▶ EXERCISE OBJECTIVE:
Return all of the entries exactly, with nothing added or left out.

▶ DATA SUPPLIED:
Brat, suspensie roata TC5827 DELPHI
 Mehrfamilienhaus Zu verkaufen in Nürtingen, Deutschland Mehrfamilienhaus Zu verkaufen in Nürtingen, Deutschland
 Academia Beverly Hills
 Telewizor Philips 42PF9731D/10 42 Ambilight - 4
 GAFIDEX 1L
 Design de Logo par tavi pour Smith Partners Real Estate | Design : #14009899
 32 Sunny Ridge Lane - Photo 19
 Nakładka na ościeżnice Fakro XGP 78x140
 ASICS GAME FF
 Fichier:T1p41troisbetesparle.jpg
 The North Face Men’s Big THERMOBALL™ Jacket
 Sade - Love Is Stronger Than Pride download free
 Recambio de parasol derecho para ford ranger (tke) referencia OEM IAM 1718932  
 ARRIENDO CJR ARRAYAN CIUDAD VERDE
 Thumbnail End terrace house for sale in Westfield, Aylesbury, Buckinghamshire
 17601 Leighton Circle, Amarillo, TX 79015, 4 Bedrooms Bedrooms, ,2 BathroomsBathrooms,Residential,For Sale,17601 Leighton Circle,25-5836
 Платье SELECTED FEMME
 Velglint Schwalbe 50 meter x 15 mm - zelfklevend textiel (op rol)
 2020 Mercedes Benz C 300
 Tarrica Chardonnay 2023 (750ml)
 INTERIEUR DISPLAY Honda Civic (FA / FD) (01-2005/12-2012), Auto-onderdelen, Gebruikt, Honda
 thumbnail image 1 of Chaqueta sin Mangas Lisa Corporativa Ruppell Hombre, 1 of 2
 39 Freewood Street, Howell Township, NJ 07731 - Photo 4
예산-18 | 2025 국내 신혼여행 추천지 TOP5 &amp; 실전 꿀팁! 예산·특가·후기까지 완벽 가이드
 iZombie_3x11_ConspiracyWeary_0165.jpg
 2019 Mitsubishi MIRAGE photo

▶ EXPECTED ANSWER:
Brat, suspensie roata TC5827 DELPHI
 Mehrfamilienhaus Zu verkaufen in Nürtingen, Deutschland Mehrfamilienhaus Zu verkaufen in Nürtingen, Deutschland
 Academia Beverly Hills
 Telewizor Philips 42PF9731D/10 42 Ambilight - 4
 GAFIDEX 1L
 Design de Logo par tavi pour Smith Partners Real Estate | Design : #14009899
 32 Sunny Ridge Lane - Photo 19
 Nakładka na ościeżnice Fakro XGP 78x140
 ASICS GAME FF
 Fichier:T1p41troisbetesparle.jpg
 The North Face Men’s Big THERMOBALL™ Jacket
 Sade - Love Is Stronger Than Pride download free
 Recambio de parasol derecho para ford ranger (tke) referencia OEM IAM 1718932  
 ARRIENDO CJR ARRAYAN CIUDAD VERDE
 Thumbnail End terrace house for sale in Westfield, Aylesbury, Buckinghamshire
 17601 Leighton Circle, Amarillo, TX 79015, 4 Bedrooms Bedrooms, ,2 BathroomsBathrooms,Residential,For Sale,17601 Leighton Circle,25-5836
 Платье SELECTED FEMME
 Velglint Schwalbe 50 meter x 15 mm - zelfklevend textiel (op rol)
 2020 Mercedes Benz C 300
 Tarrica Chardonnay 2023 (750ml)
 INTERIEUR DISPLAY Honda Civic (FA / FD) (01-2005/12-2012), Auto-onderdelen, Gebruikt, Honda
 thumbnail image 1 of Chaqueta sin Mangas Lisa Corporativa Ruppell Hombre, 1 of 2
 39 Freewood Street, Howell Township, NJ 07731 - Photo 4
예산-18 | 2025 국내 신혼여행 추천지 TOP5 &amp; 실전 꿀팁! 예산·특가·후기까지 완벽 가이드
 iZombie_3x11_ConspiracyWeary_0165.jpg
 2019 Mitsubishi MIRAGE photo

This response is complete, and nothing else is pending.